The software industry largely relies on integration tests and traditional alerting for issue prevention and detection. This lags behind the internal standard set by top tech companies, which use sophisticated techniques to detect issues long before they can impact a large set of customers.
Detecting an issue earlier means you minimize or even eliminate customer impact. In this article, you will learn about some of the most effective issue-detection techniques and when seasoned tech companies deploy them.
Synthetic Monitoring
If you only have a few customers, it’s hard to measure whether the product is working correctly. Consider that you receive only a few transactions per hour on your website. If the transactions drop to zero, you don’t know whether the product is broken or whether customers just aren’t active at the time.
Synthetic monitoring is the solution to this problem. Synthetic monitoring is the usage of a simulated customer to probe a system and measure the results. A probe should execute all steps just like a real customer and should run at a fixed frequency. Your monitoring system should alert you if synthetic failures breach a certain threshold.
Synthetic monitoring is arguably the single most important issue detection and prevention mechanism you can have – more essential than even integration or end-to-end tests.
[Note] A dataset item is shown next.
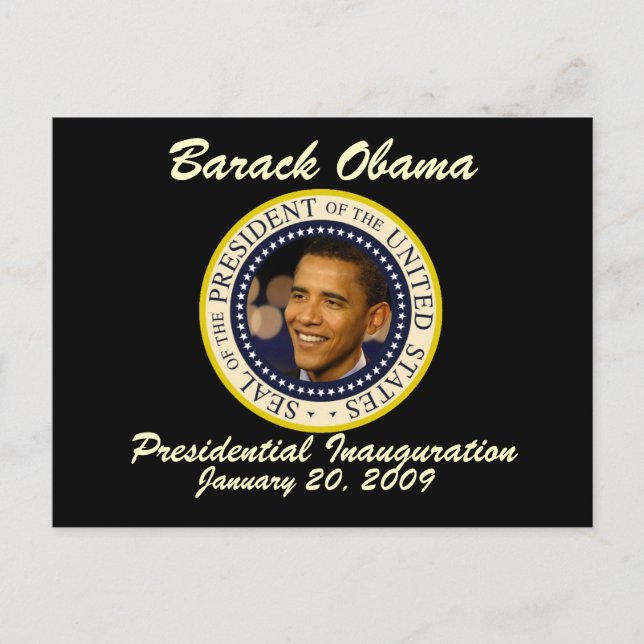 President Barack Obama invigningsminnesstund Vykort (Framsida)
This is because the best way to validate the end experience of real customers is by setting up synthetic customers.
Canary Testing
Canaries are more sensitive to carbon monoxide, so they were used in coal mines to identify whether the gas was present. If a canary became sick or died, the miners would evacuate the mine. For an internet service, this is paralleled by the practice of exposing a new feature or change to a small set of users (a ‘canary’), and monitoring whether those users are adversely affected by the change.
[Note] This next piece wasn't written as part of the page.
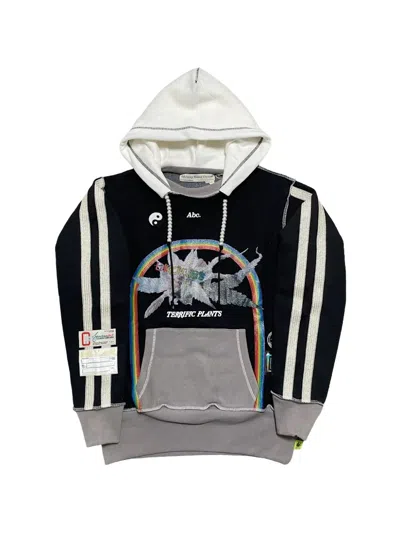 Advisory Board Crystals Graphic-print Panelled Hoodie In Black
Canary testing requires you to measure the experience of the canary users for deviations in latency and availability. If the metrics degrade for the canary, you should automatically abort and roll back the change. If no degradation is observed, the change should automatically be rolled out to a progressively larger set of customers.
Canary testing should be one of the pillars of your rollout process, but it may not be particularly helpful when your customer traffic is very low. That said, most modern rollout tools support canary testing, so it’s still a good idea to set it up early on.
Shadow Testing
Imagine you’re a food delivery app and are launching a new algorithm for driver selection that improves delivery times. This is a business-critical functionality, so you want to be very cautious.
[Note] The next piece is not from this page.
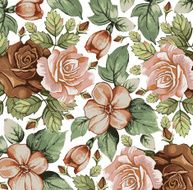 Flowers Vector Beautiful background with a flower ornament N35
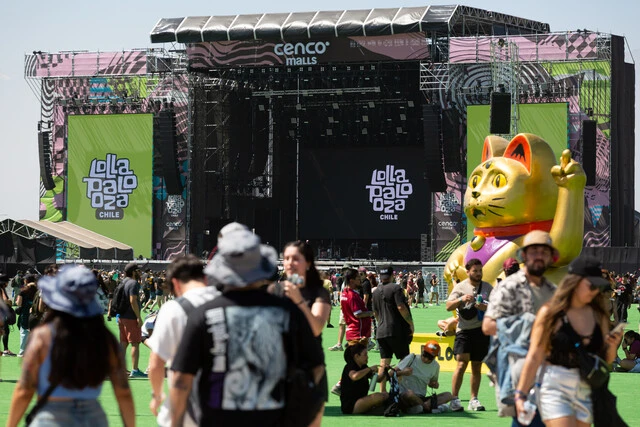 medidas Lollapalooza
In shadow testing, the new algorithm is run alongside the original one for a subset of traffic, but the original algorithm would continue to be used for delivery selection. You log the results of both algorithms and compare them. If the two algorithms disagree a majority of the time, you should probably investigate whether the new algorithm is selecting appropriate delivery drivers.
Shadow testing is a great tool to use when your product has so many usage permutations that validating them through conventional tests is impossible. In our delivery example, it is not possible to replicate all the nuances of the real world, and so shadow testing comes to the rescue.
Notice that shadow testing doesn’t prove that the new algorithm has better delivery times. Once you’ve validated that the new algorithm is giving ‘reasonable’ outputs, you should do an A/B test to confirm that it actually improves delivery times.
Automated Load Testing
The worst moment to find out that you can’t handle scale… is when you need to handle scale. A standard practice for high-traffic products is an automated load test that runs before any change goes to production.
This involves configuring a load test environment that can mimic production and generate synthetic traffic that pushes the system to its limits. You then need to define the success parameters for the load test. A principled way to do this is to baseline the resultant metrics (latency, availability) against those of an older, successful load test. This will also help you catch changes that cause measurable degradation in system performance.
Conclusion
The software industry has long relied upon the ‘test pyramid’, which has unit tests at the bottom and integration or end-to-end tests at the apex of the pyramid. The test pyramid is hopelessly outdated in a world where most services are built out of microservices, and most software is accessed through the internet. In the modern context, the practical utility of techniques such as synthetic monitoring or canary testing is actually far greater than that of integration tests.
In this article, we’ve explored some of the most effective techniques for catching issues early, though it’s certainly not an exhaustive list. Depending on the nature of your system, you may also wish to evaluate anomaly detection, failure injection, or spike testing. Most importantly, leverage every outage to investigate what detection mechanisms you’re lacking, and fix the gaps you find.